The complex roots of the chromatic polynomial \(P_{G}(x)\) of a graph G have been well studied, but the p-adic roots have received no attention as yet. We consider these roots, specifically the roots in the ring \(\mathbb{Z}_p\) of p-adic integers. We first describe how the existence of p-adic roots is related to the p-divisibility of the number of colourings of a graph—colourings by at most k colours and also ones by exactly k colours. Then we turn to the question of the circumstances under which \(P_{G}(x)\) splits completely over \(\mathbb{Z}_p\), giving some generalities before considering in detail an infinite family of graphs whose chromatic polynomials have been discovered, by Morgan (LMS J Comput Math 15, 281–307, 2012), to each have a cubic abelian splitting field.

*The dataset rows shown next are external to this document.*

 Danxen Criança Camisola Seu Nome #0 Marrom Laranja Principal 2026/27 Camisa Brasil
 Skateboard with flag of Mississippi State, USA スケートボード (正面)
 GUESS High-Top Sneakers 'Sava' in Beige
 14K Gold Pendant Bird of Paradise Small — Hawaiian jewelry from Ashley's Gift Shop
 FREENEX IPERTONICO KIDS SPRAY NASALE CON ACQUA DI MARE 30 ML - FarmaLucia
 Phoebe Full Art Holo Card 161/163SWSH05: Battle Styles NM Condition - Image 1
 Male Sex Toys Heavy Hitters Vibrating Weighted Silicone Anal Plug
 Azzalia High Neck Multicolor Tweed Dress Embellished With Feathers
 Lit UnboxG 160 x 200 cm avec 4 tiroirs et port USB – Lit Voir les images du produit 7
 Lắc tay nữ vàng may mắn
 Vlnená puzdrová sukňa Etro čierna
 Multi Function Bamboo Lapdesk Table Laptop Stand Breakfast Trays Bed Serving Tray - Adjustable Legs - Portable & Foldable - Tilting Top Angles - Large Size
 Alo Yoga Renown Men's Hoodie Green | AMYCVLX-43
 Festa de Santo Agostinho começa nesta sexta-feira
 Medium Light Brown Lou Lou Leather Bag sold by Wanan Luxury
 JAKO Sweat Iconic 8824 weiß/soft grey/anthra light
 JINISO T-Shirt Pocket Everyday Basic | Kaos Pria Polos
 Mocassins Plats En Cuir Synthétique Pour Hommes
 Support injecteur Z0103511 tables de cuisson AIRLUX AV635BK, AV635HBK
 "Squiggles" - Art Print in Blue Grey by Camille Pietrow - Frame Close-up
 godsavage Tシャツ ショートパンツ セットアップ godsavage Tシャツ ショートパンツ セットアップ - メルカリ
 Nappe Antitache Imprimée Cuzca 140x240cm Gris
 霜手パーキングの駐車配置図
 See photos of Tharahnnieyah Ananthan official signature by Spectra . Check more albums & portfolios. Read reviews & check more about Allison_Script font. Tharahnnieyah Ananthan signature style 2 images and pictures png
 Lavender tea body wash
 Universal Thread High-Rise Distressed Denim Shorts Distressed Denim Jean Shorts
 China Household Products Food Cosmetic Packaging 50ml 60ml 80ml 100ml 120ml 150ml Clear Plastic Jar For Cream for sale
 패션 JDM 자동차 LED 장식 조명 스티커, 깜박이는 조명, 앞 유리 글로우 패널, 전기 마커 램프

对图G的色多项式\（P_ {G}（x）\）的复根进行了很好的研究，但p -adic根至今尚未引起关注。我们考虑这些根，特别是p -adic整数的环\（\ mathbb {Z} _p \）中的根。我们首先介绍如何存在p进制根是关系到p至多一个图的着色的色素数量-divisibility ķ的色彩和那些也恰好ķ颜色。然后我们来讨论\（P_ {G}（x）\）在\（\ mathbb {Z} _p \）上完全分割的情况下的问题。，先给出一些通用性，然后再详细考虑由Morgan（LMS J Comput Math 15，15，281-307，2012）发现的其色多项式的无穷多个图，每个图都有立方阿贝尔分裂场。